ABSTRACT

Sociologists tend to divide people’s lives into ‘work’ (paid employment), ‘leisure’ (the time when people choose what they want to do) and ‘obligation time’ (periods of sleep, eating and other necessary activities). Feminists have pointed out that this model reflects a male view of the world and does not necessarily fit the experiences of the majority of women. This is partly because unremunerated domestic labour is not recognised as work – it is ‘hidden’ labour – and partly because many women participate in few leisure activities outside of the home. This is because, as we noted in Chapter 6, women and girls have the major responsibility for domestic labour. Whilst men do more paid work than women, they also have more leisure time. It is not only the organisation of work that is gendered but also the cultural values with which paid work and domestic labour are associated; paid work and the workplace are largely seen as men’s domain, the household as women’s.
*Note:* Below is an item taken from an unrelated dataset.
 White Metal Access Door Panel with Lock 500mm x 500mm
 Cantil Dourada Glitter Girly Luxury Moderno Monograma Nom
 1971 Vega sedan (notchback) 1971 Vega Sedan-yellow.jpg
Rosemary Pringle sums up some of these issues when she points out that,

Though home and private life may be romanticized, they are generally held to represent the ‘feminine’ world of the personal and the emotional, the concrete and the particular, of the domestic and the sexual. The public world of work sets itself up as the opposite of all these things: it is rational, abstract, ordered, concerned with general principles, and of course, masculine. . . . For men, home and work are both opposite and complementary. . . . [For women] home is not a respite from work but another workplace. For some women work is actually a respite from home!